Yaptığı hayırlı hizmetlerle adını duyuran Umut Kervanı Vakfı Üyesi Bingöl Umut Kervanı İnsani Yardım ve Eğitim Kültür Derneği (Bingöl Umut Kervanı Derneği), 2018 yılı Kasım ayına ait faaliyet raporlarını açıkladı.
Yapılan çalışmalarla ilgili yazılı açıklama yapan Bingöl Umut Kervanı Başkanı Mehmet Tamaç, “Kasım ayında 100 aileye 14 bin 118 TL değerinde ayni ve nakdi yardımını yaptık. 77 aileye 4 bin 538 TL değerinde gıda, 21 aileye 9 bin 500 TL nakdi, 1 aileye 80 TL Kırmızı Et yardımında bulunduk” dedi.
İnfak vermenin önemine ve mal sevgisinin tehlikelerine değinen Tamaç, “Allah yolunda infak edin, harcama yapın. Kendi ellerinizle kendinizi tehlikeye atmayın. İhsan edin. Muhakkak ki Allah ihsan edenleri sever.”(Bakara: 2/195) Rivayete göre Medine'de bulunan Ensar, her zaman bol bol sadaka verir ve mallarını infak ederlerdi. Bir sene bir musibet oldu ve onlar da sadakayı terk ettiler. Bunun üzerine bu ayet nazil oldu. (İbni Kesir, I, 286)Bu ayet, insanın birçok açılardan kendisini tehlikeye atabileceğini gösteriyor ve bu durumlardan sakındırıyor. Her şeyden önce ülkemize bir düşman saldırısı vaki olduğunda bizim malımızın ve ailemizin başında oturmamız bizi ve ülkemizi tehlikeye atmak demektir. Gücü yeten herkes düşmanla savaşmakla mükelleftir. Çünkü düşmana karşı savaşılmadığı takdirde düşman vatanımızı işgal eder, çocuklarımızı, eşlerimizi esir alır, malımıza mülkümüze el koyar. Böylece biz kendimizi, dinimizi, her şeyimizi tehlikeye atmış oluruz. Diğer taraftan zekât ve sadaka vermemekle de kendimizi tehlikeye atmış oluruz. Çünkü zekât ve sadaka vermek, Allah'ı, maldan daha çok sevmek demektir. Zekât vermeyen insan, malı taparcasına seven, malı ilâh yerine koyan insandır. Bu büyük bir tehlikedir. Sonra zekât ve sadaka verilmediği takdirde, toplumda zenginler daha zengin, fakirler daha fakir olacak ve toplumdaki denge bozulacak, bu da birçok huzur bozucu olayların meydana gelmesine sebep olacaktır. Fakirler de zenginlere karşı biriken, meydana gelen kin ve düşmanlık duygularını zekât ve sadaka ile ancak sevgiye, barışa dönüştürmek mümkündür. Bir insan sürekli günah işlediği halde, bunun şuurunda olmayıp tövbe etmezse, bu durumda da insan kendisini tehlikeye atmış olur. Devamlı günah işleyip de kendisinin Allah tarafından affedilmeyeceğine inanan, böyle düşünen bir kimse de kendisini tehlikeye atmış demektir. Çünkü Allah'ın rahmetinin geniş olduğunu, Allah'ın tövbe edilen her günahı bağışlayacağını bilmiyordur. Bu da onun günahlarının çoğalmasına, iyiliklerden tamamen uzaklaşmasına sebep olacağından büyük bir tehlikedir” diye konuştu.

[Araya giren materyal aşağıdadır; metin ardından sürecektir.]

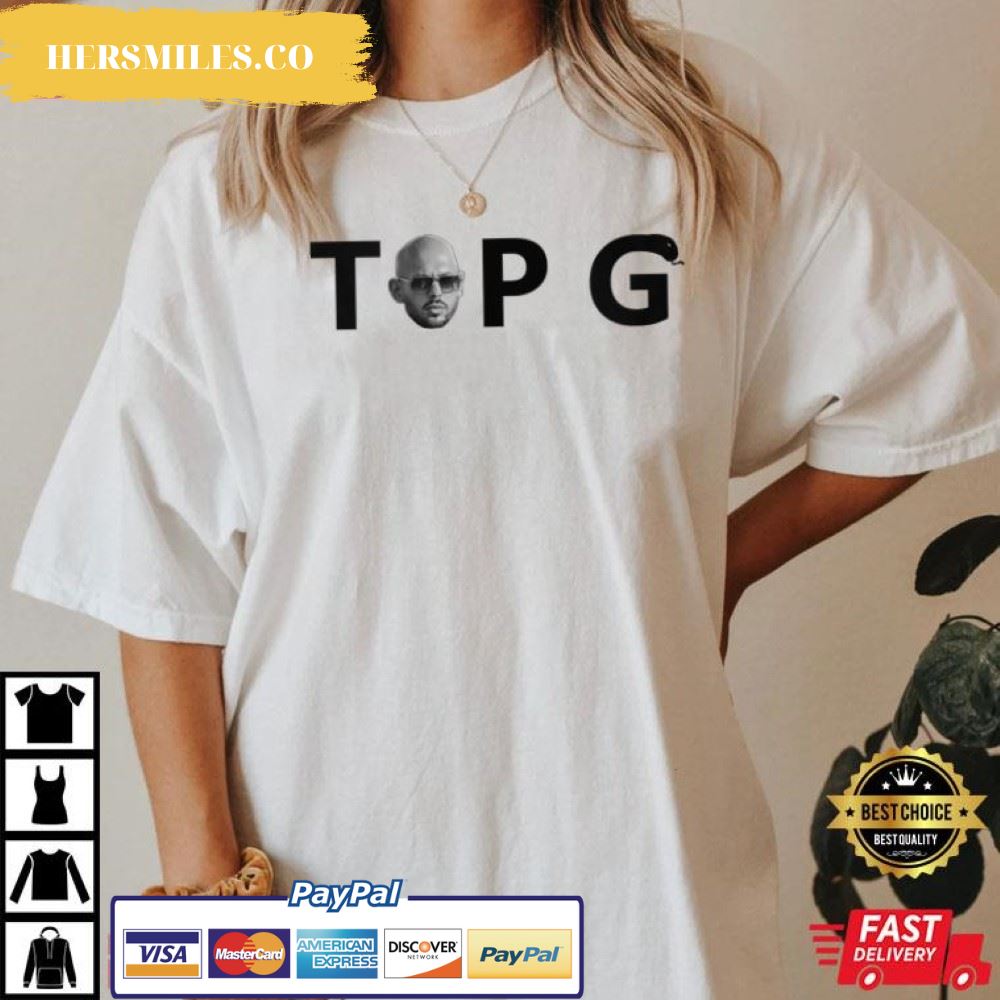 Top G Gift T-Shirt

Tövbenin büyük bir ihsan olduğunu ifade eden Tamaç, sözlerini şu şekilde tamamladı: “Malından mülkünden fakirlere ve yoksullara yardım etmek ihsandır. Günahlardan dönmek, Allah'a tövbe etmek bir ihsandır. Allah'a ibadet etmek bir ihsandır. Nitekim Peygamberimize (as) “İhsan nedir?” diye sorulduğunda, “Senin Allah'ı görüyormuşçasına O'na ibadet etmendir. Sen O'nu görmesen de O seni görür” demesi, ibadetin de insanın kendisi için yaptığı büyük bir iyilik olduğunu gösteriyor. İşte Allah, kendisini, kendi eliyle tehlikeye atanları değil, bu anlamlarda iyilik yapan Muhsinleri seveceğini bildiriyor. Hangimiz Allah tarafından sevilmek istemeyiz. Bütün bu ihsanları yaptığımız takdirde, Allah tarafından sevildiğimiz gibi, diğer insanlar tarafından da seviliriz. Çünkü ihsan edenleri sevmeyen yoktur. İnsanlar ihsanın, iyiliğin kuludur, kölesidir. Allah bizi her anlamda ihsan eden, kendi eliyle kendisini tehlikeye atmayan insanlardan eylesin. Âmin. Bu çalışmalarda emeği geçen herkesten Allah razı olsun.”